Moon’s initiative was announced during his visit to an elementary school in Seoul to mark Teachers’ Day.
Six days into his presidency on Monday, he also vowed to close the aged power plants for the remainder of his five-year term, which ends in 2022, and to set up fine-dust measuring equipment for all 11,000 elementary, middle and high schools in the country.
“It costs 6 million won [$5,348] for each device and will require 60 billion won total,” Moon said. “I will install the equipment at all schools by earmarking funds, if necessary.”
“President Moon’s order to suspend the aged plants reflects his strong will to come up with fundamental solutions to the fine dust problems,” said Yoon Young-chan, senior presidential press secretary, during a press briefing.
Two of the 10 power plants, which are located in the two Jeolla provinces, will be excluded from suspension this year due to a possible power shortage there, but they will be included next year.
According to the presidential office, air pollutants produced by the 10 plants account for 19.4 percent of the pollutants discharged by the country’s 59 power plants. A Blue House official said the 59 plants contribute 14 percent of total fine dust, though it this could vary depending on the weather. “With the shutdown, we expect fine dust level to go down by 1 to 2 percent,” said the official.

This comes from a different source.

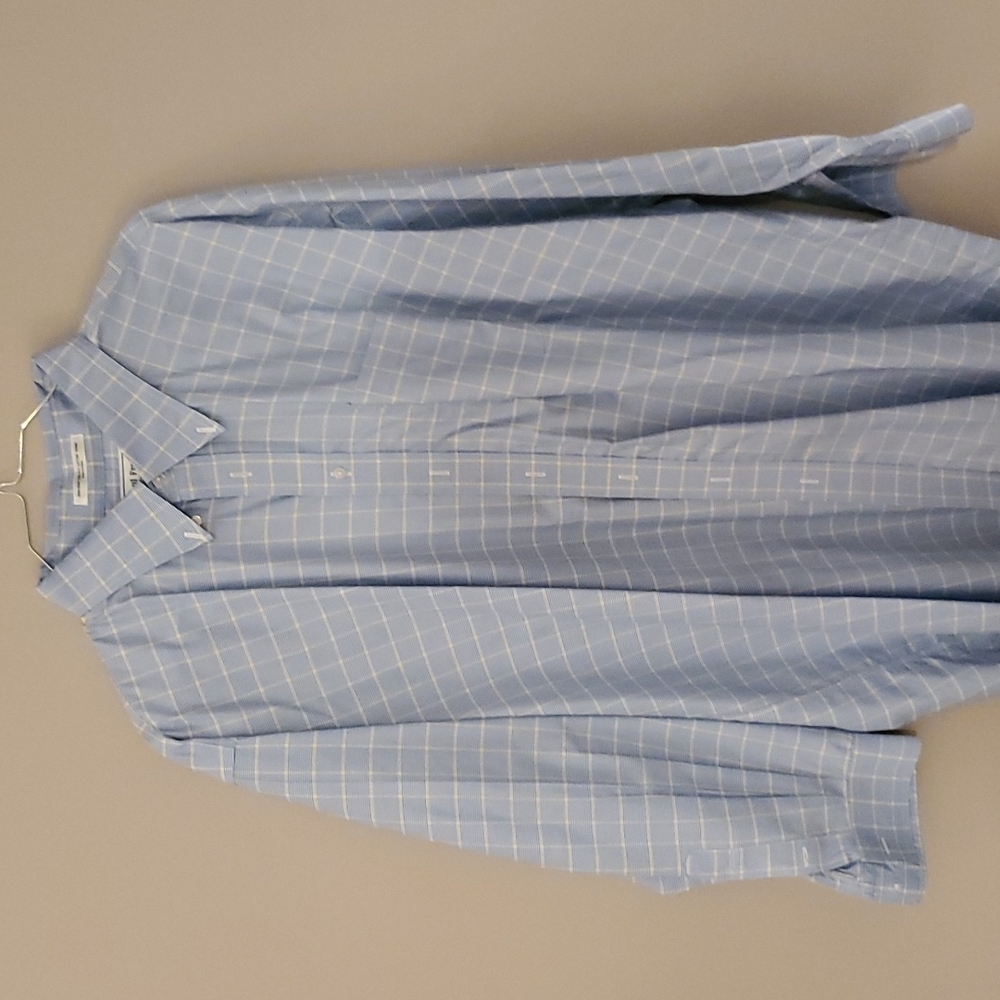 Paul Fredrick Dress Shirt - Neck 20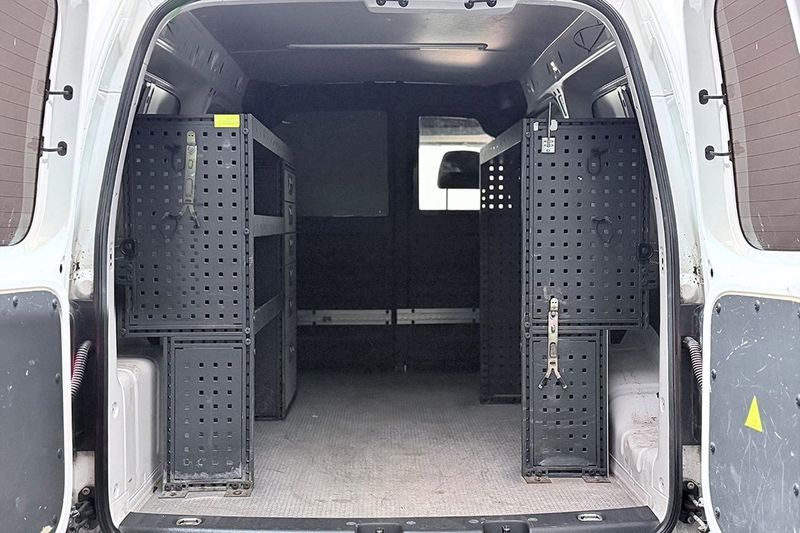 Volkswagen Caddy Maxi bild 13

It is estimated that by temporarily turning off the 10 aged plants, electricity bills will go up by 0.2 percent. The Blue House said that increase could be covered by the tax-funded Korea Electric Power Corporation.
The new set of measures to fight air pollution comes amid growing public anxiety over deteriorating air quality in recent weeks. Seeing record highs of fine dust levels in early May, when a series of holidays began, many shunned going outdoors and wore masks.
Major regions in Korea such as Seoul, North Chungcheong and Gyeonggi saw the highest concentration this year for PM10, or particulate matter that is 10 micrometers or less in diameter, on May 6, prompting regional governments and the Ministry of Environment to issue alerts.
The Korea Environment Corporation reported that all cities across the country suffered 61 times the fine dust levels rated “bad” during April. The senior presidential official said the matter is grave enough for the former Park Geun-hye government to consider banning diesel-run vehicles from running on select days.